Activity → Under this line are the records; repeat exactly the lines starting at the one containing "One Light Swing" and ending at the one containing "a bathroom with", omitting pictures.

Exercise materials →
• • • • •

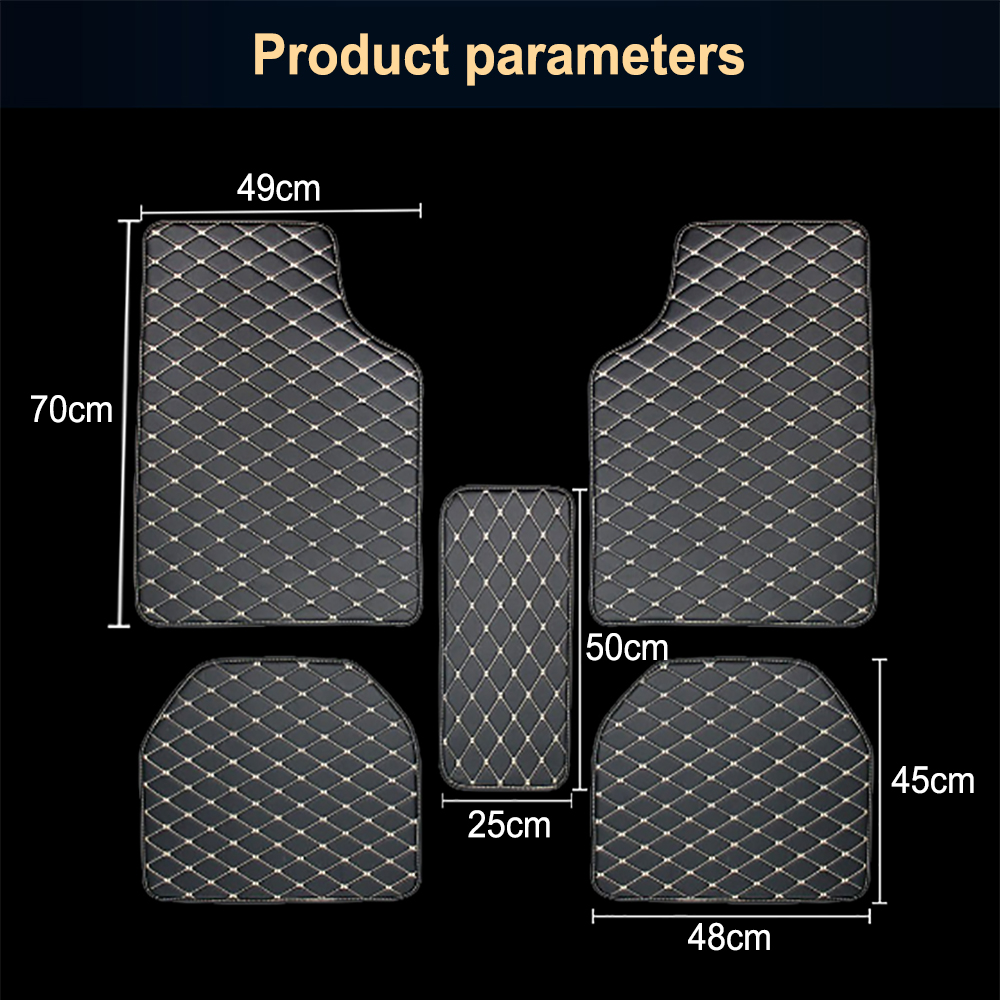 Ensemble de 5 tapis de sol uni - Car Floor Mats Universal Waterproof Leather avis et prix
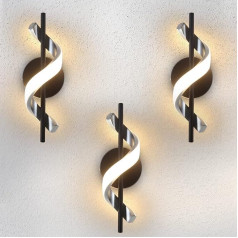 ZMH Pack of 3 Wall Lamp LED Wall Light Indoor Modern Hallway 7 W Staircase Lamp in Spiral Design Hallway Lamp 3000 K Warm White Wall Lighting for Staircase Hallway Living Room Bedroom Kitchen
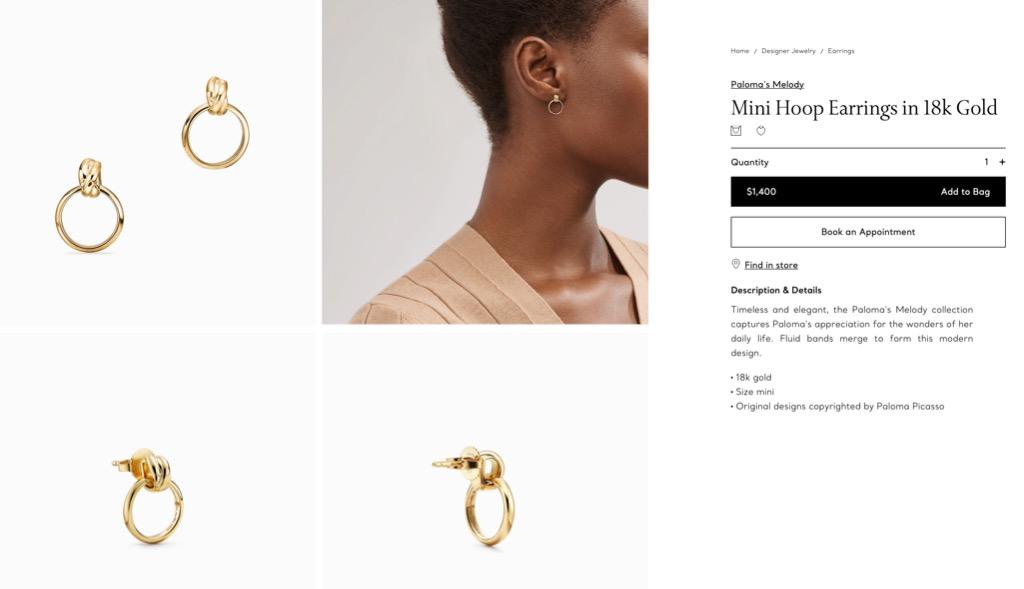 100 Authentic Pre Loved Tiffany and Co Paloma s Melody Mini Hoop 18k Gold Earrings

• • • • •

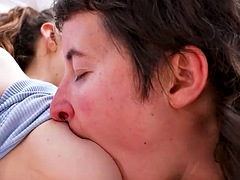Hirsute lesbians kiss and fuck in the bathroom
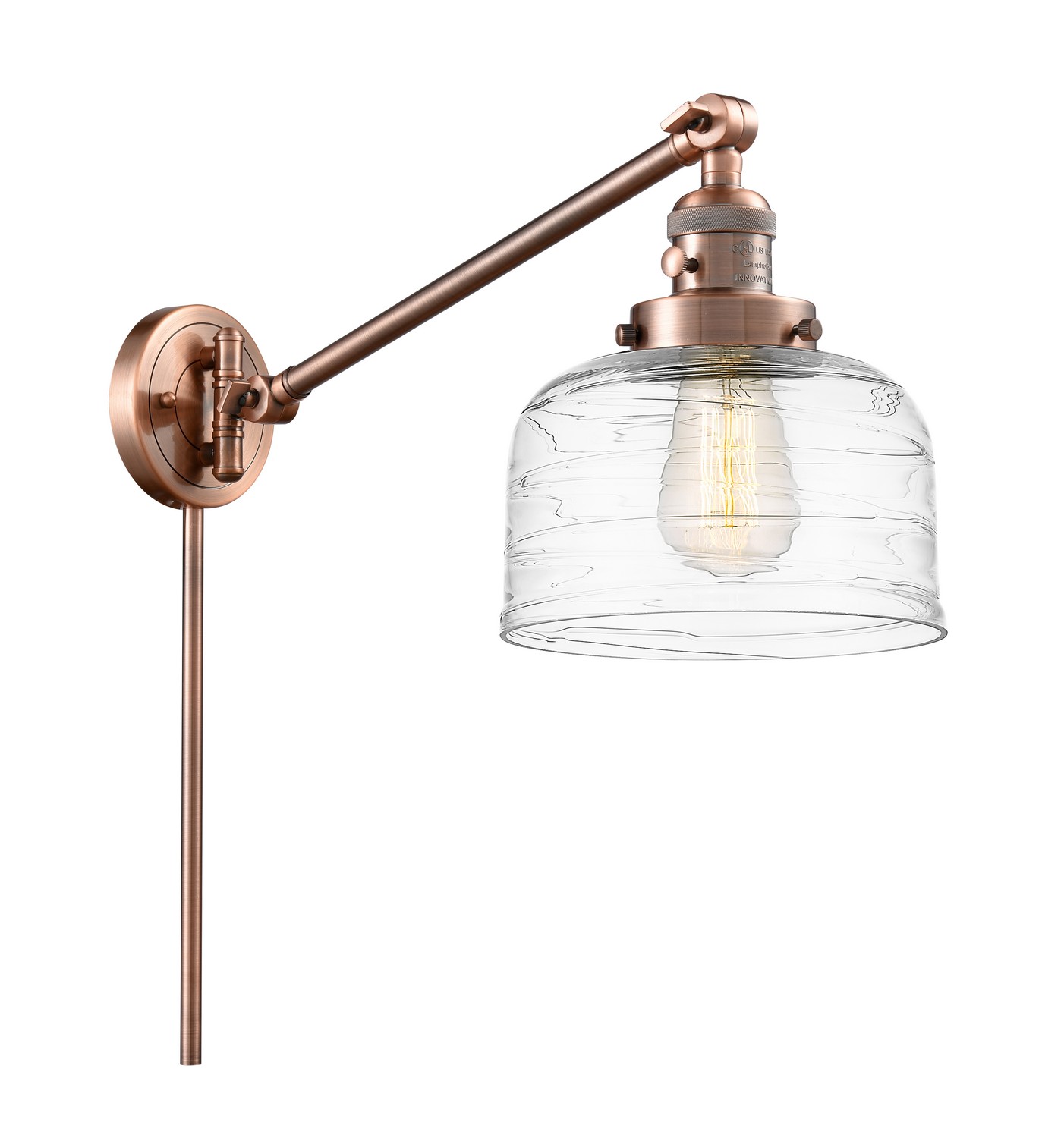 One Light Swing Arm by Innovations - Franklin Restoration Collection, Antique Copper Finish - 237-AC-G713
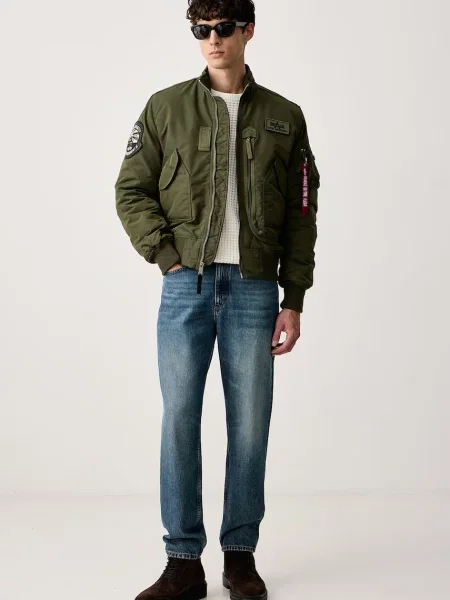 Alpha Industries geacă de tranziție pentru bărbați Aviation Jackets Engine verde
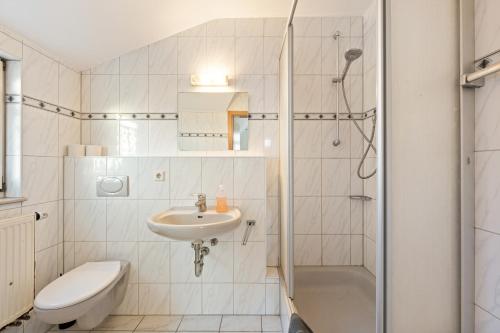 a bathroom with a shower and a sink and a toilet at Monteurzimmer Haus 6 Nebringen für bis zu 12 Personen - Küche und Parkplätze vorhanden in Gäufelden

• • • • •

Exercise answer →
 One Light Swing Arm by Innovations - Franklin Restoration Collection, Antique Copper Finish - 237-AC-G713
 Alpha Industries geacă de tranziție pentru bărbați Aviation Jackets Engine verde
 a bathroom with a shower and a sink and a toilet at Monteurzimmer Haus 6 Nebringen für bis zu 12 Personen - Küche und Parkplätze vorhanden in Gäufelden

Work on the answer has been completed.